A tall, lanky geek of a specimen. To be honest, if you were to look at the pair of them, you would have thought it was a before and after sketch in a Weight Watchers campaign. Super-Size vs. Super Skinny. Wayne averts his gaze, choosing the floor rather than his master’s morose maroon face. Bob unleashes all but the bloody Kraken at him. A twenty something student who had the silly idealism (idealism? Well, drunken epitome) that working at a fast food restaurant would be the dream. Well, free food at least. No, not even that. I know, right?

Bob continues to wag his stubby little sausage finger at the scorned student. Spit flying out, leaving little dew dropped speckles on Wayne’s glasses. He doesn’t dare wipe them off at this present moment.

“Are you completely useless?!” screamed Bob.

Wayne desperately wants to answer. Well, I dressed myself. I’m here. So . . . no! But he doesn’t. He continues to look at the disturbingly yellow stained flooring. Is that a cockroach? No, it’s a bean. Wait, we don’t serve beans. Well, ones that move anyway.

“Hello?! I’m talking to you!” shrieked the ogre of a manager.

Then Wayne made that fatal mistake. He looked into his boss’ blood shot eyes and shrugged. The laidback, sarcastic, “fuck it” shoulder shrug. A perfect symbolism of the now generation. If something goes wrong, shrug, fuck it. Not so for the balding beast. It was an invitation. Like a matador waving a cape to a bull. A hairy, fat sweaty bull that seems to be breathing through gritted teeth. Bob clenches his fist.

“That’s all you’ve got, is it?” asks Bob. He shrugs, imitating Wayne.

Some of the employees and customers notice the impending disaster. Laughs could be heard. Phones obviously ready to record, post and share to the world. God bless social media. Wayne doesn’t like the attention. He can feel his face going red. He’s had enough. Shrug, fuck it.
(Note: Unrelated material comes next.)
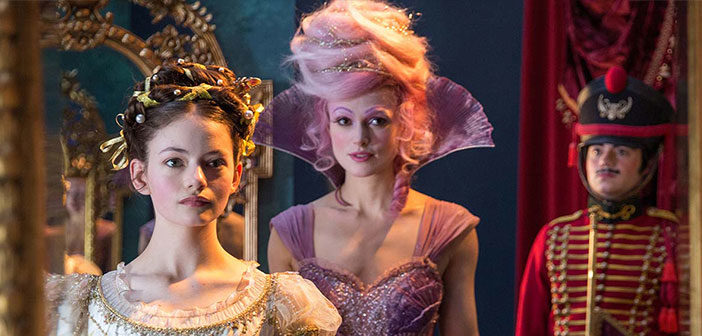 Νέο Trailer Απο Το "The Nutcracker and the Four Realms"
“You told Jeff to clean the toilet. Not me!” retorted the trembling twenty-something. Bob shakes his head. He smiles, a sinister shark toothed grin as if to say, you’ve just walked into my trap. Cue the theatrics so every nosy parker could see. Bob throws his arms up in the air as if he was ready to perform Swan Lake, not give a bollocking.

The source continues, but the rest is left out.